» **Task details**
Exclude pictures and give again exactly the lines of the listing, beginning with its first line and ending with the one that contains "2020 Ducati Superleggera V4: In Pictures".

:: Recorded data

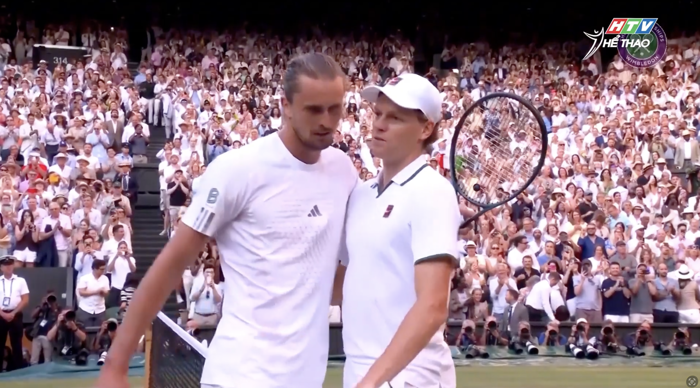 Jannik Sinner bảo vệ thành công ngôi vương Wimbledon 2026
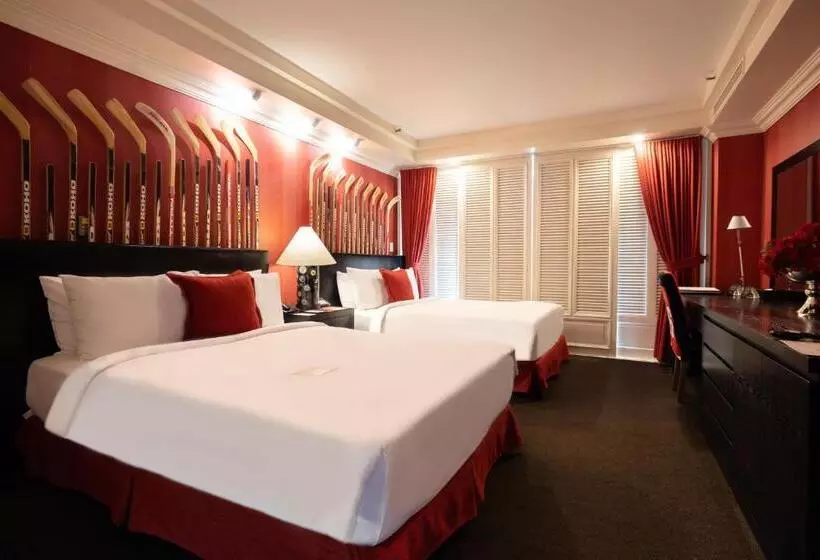 ロイヤルスイート, Kensington Hotel Pyeongchang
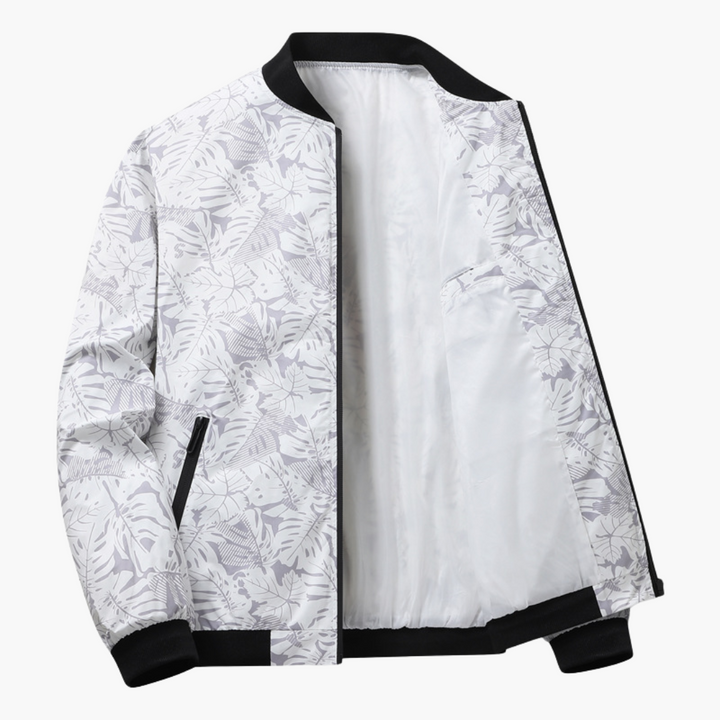 Veste bomber élégante pour hommes 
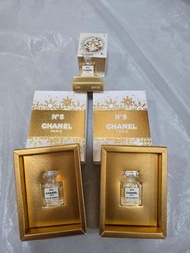 CHANEL N°5 香水小樣套裝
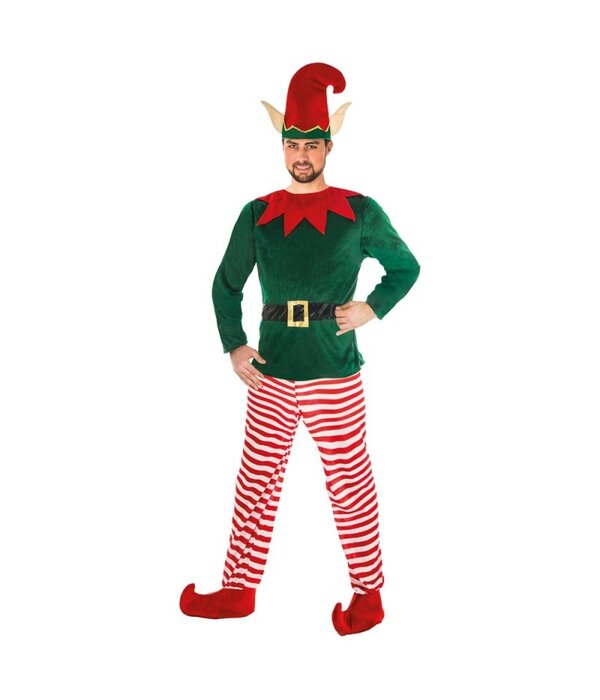 Elfenpak Heren Gestreept Ryfon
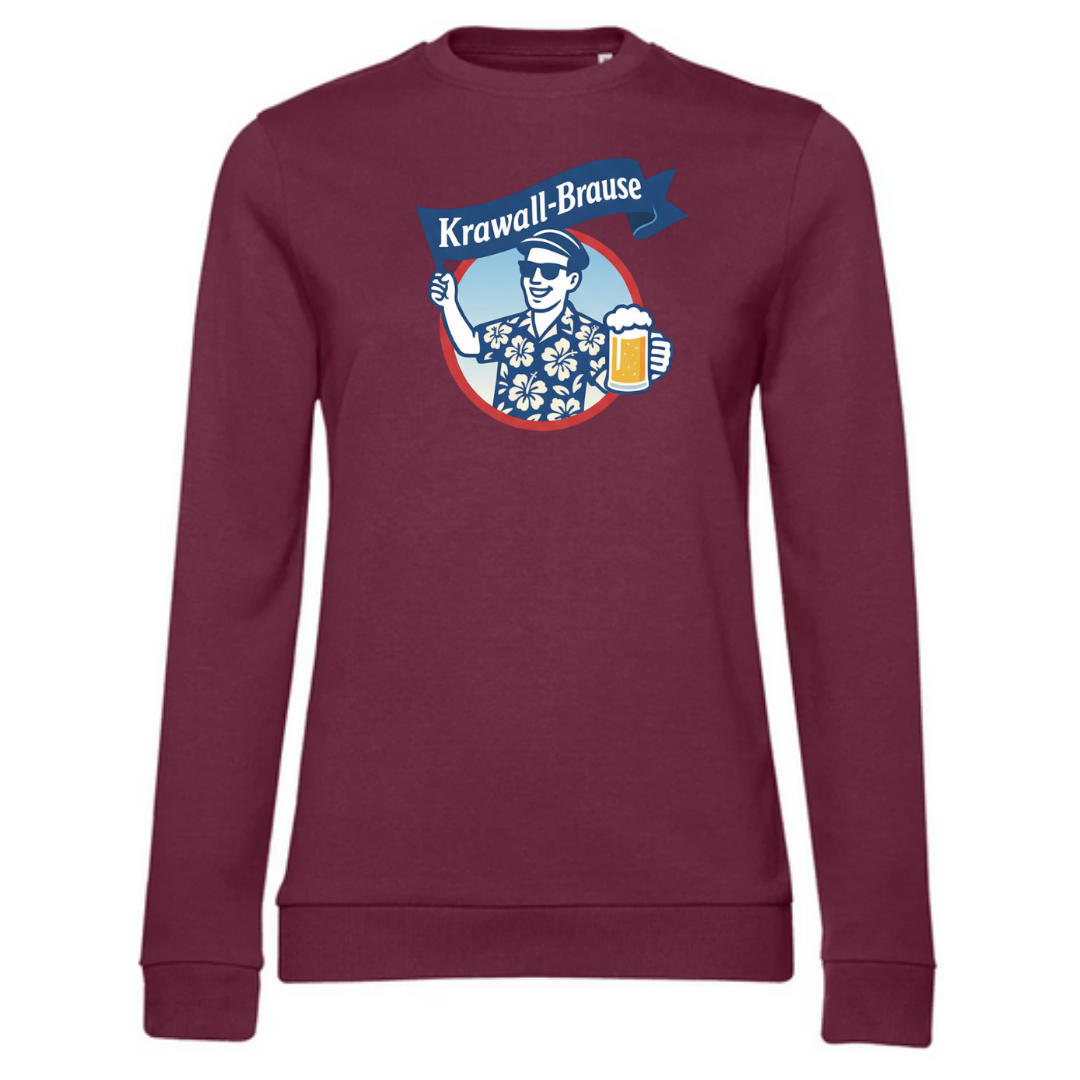 Krawall Brause - Unisex Sweatshirt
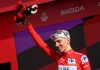 Vuelta di Spagna, oggi sesta tappa: orario, percorso e dove vederla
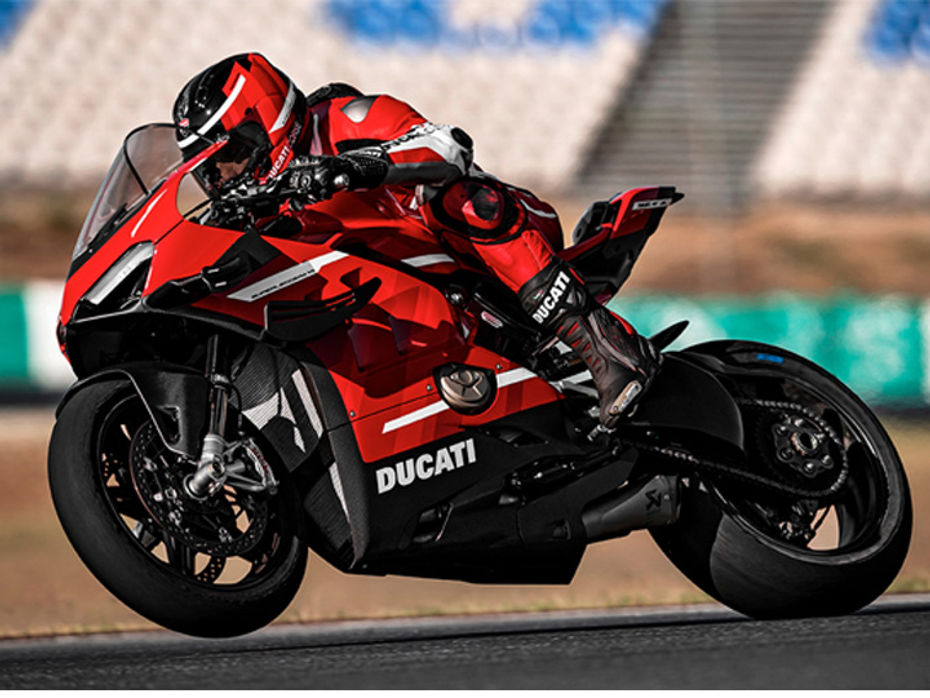 2020 Ducati Superleggera V4: In Pictures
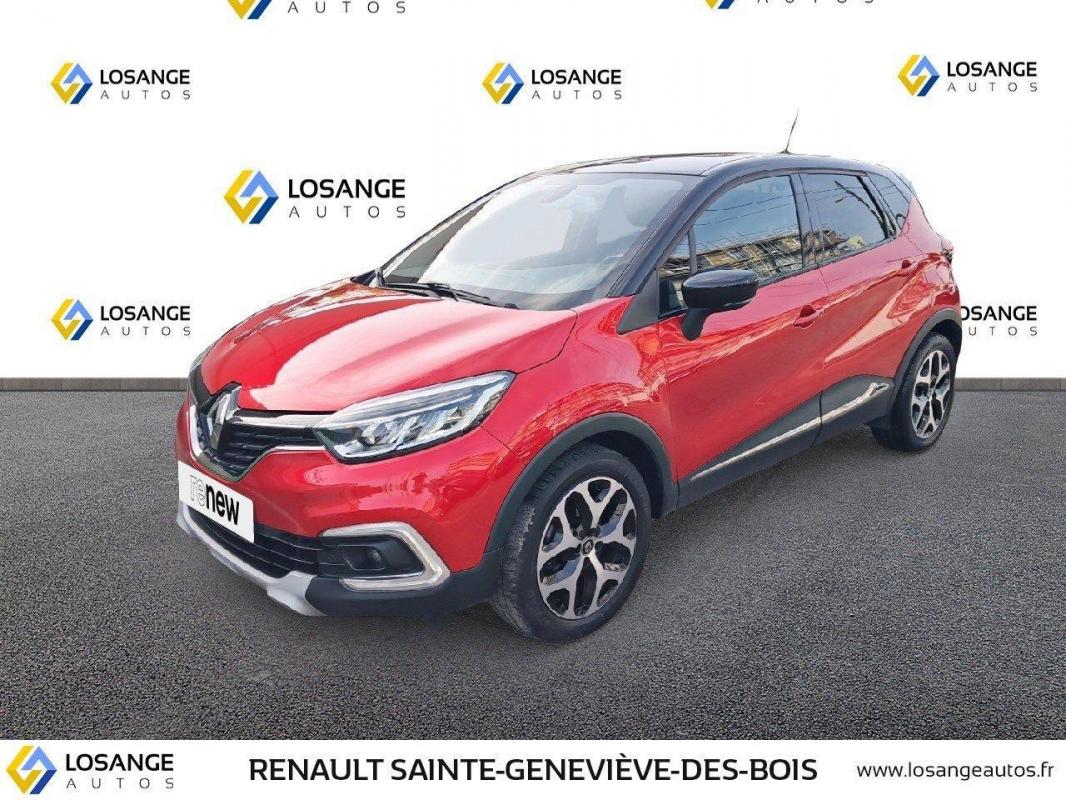 Image de l'annonce principale - Renault Captur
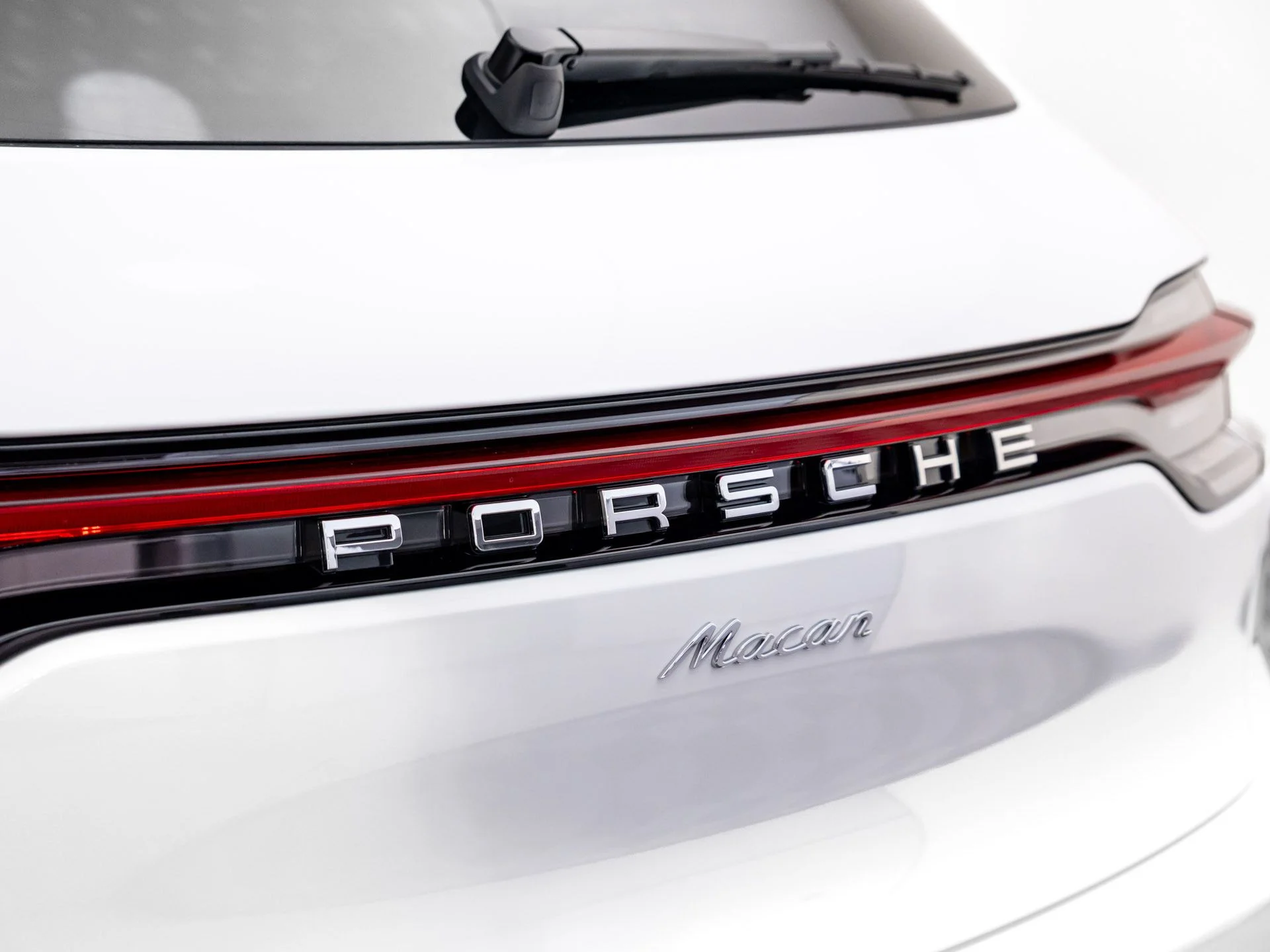 New 2026 White Porsche  image 36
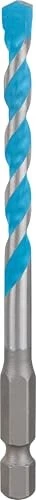 Bosch Professional EXPERT HEX-9 MultiConstruction Mehrzweckbohrer-Sortiment, 3-tlg.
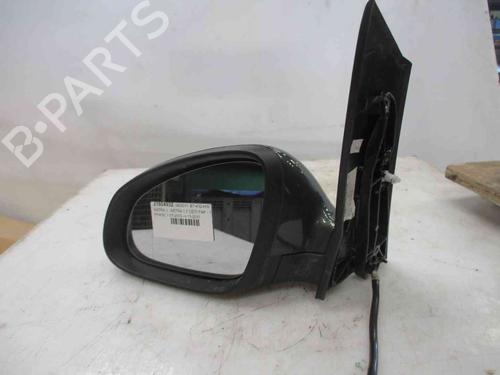 Used Left mirror OPEL ASTRA J (P10) 1.7 CDTI (68) (125 hp) 26621400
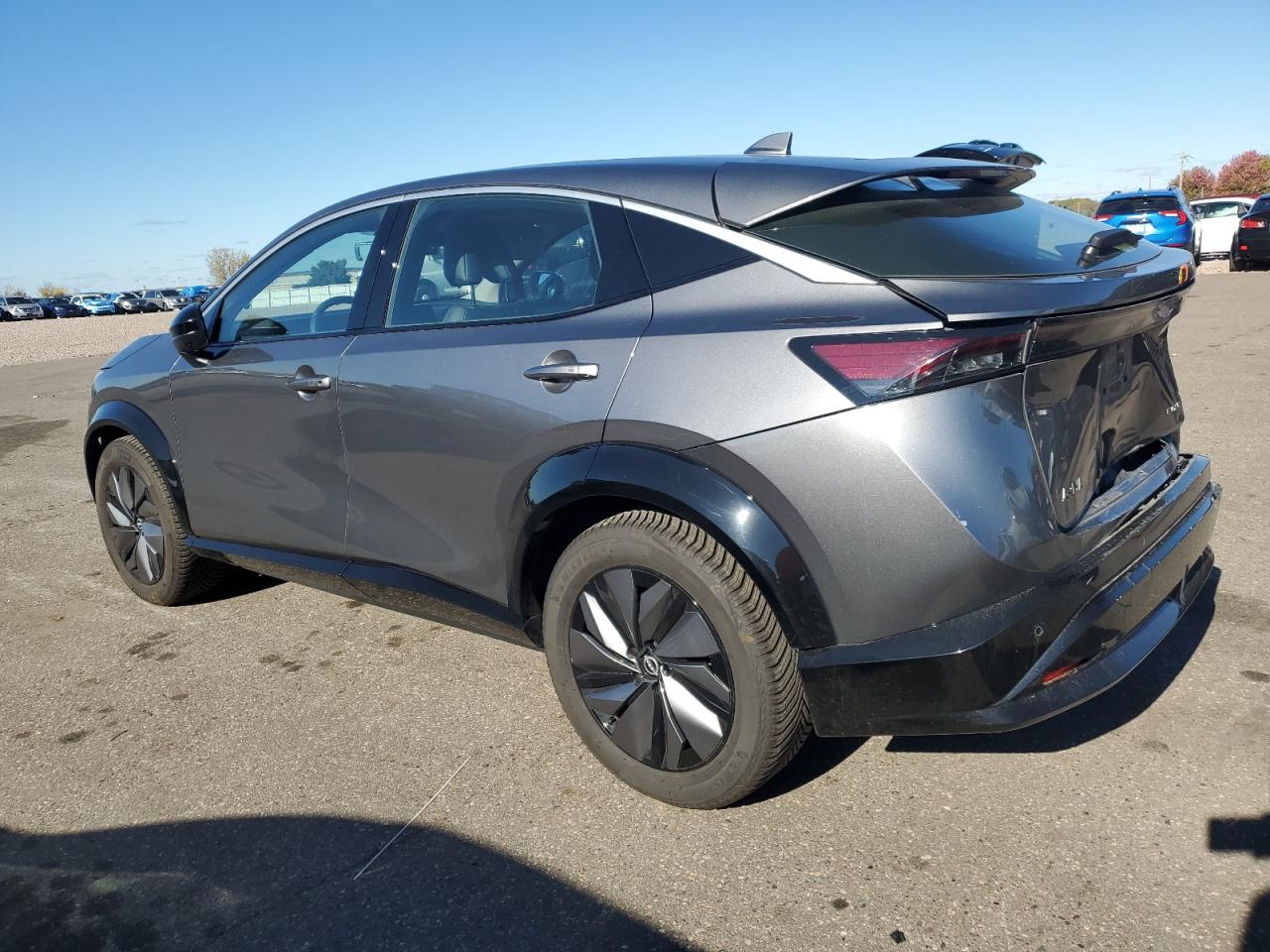 NISSAN ARIYA EVOLVE+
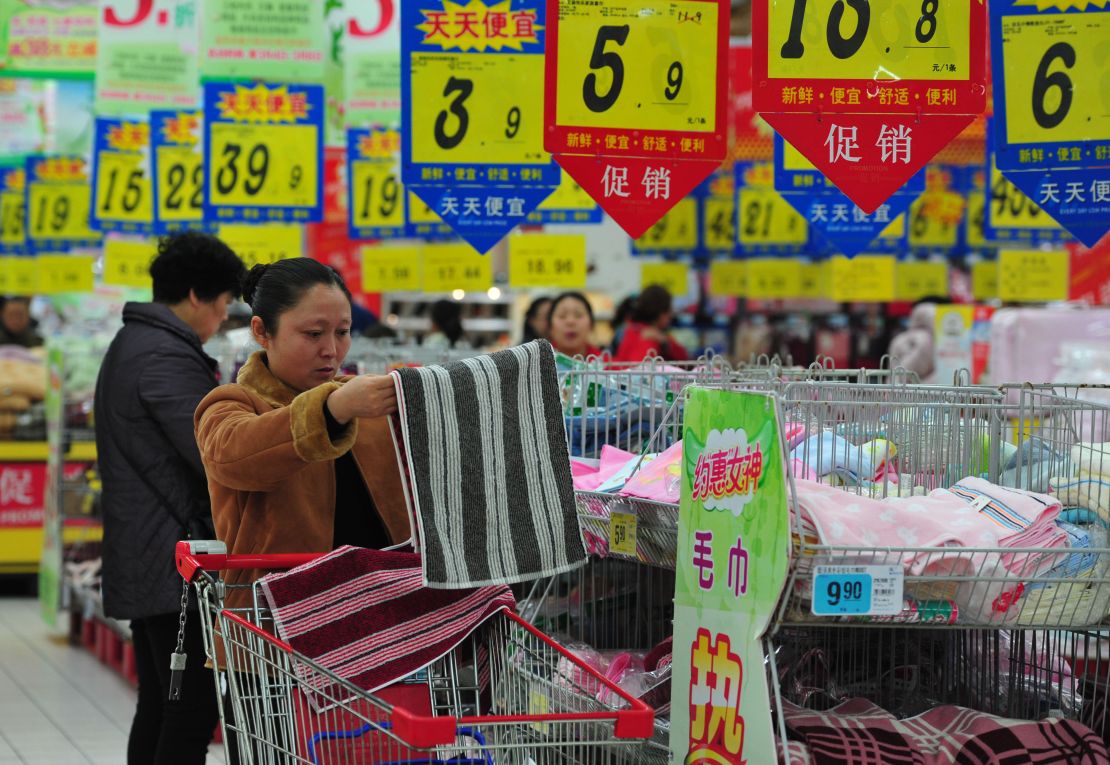 Spending by consumers has become an increasingly important part of China's economy.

::::

» **Reply to the exercise**
 Jannik Sinner bảo vệ thành công ngôi vương Wimbledon 2026
 ロイヤルスイート, Kensington Hotel Pyeongchang
 Veste bomber élégante pour hommes 
 CHANEL N°5 香水小樣套裝
 Elfenpak Heren Gestreept Ryfon
 Krawall Brause - Unisex Sweatshirt
 Vuelta di Spagna, oggi sesta tappa: orario, percorso e dove vederla
 2020 Ducati Superleggera V4: In Pictures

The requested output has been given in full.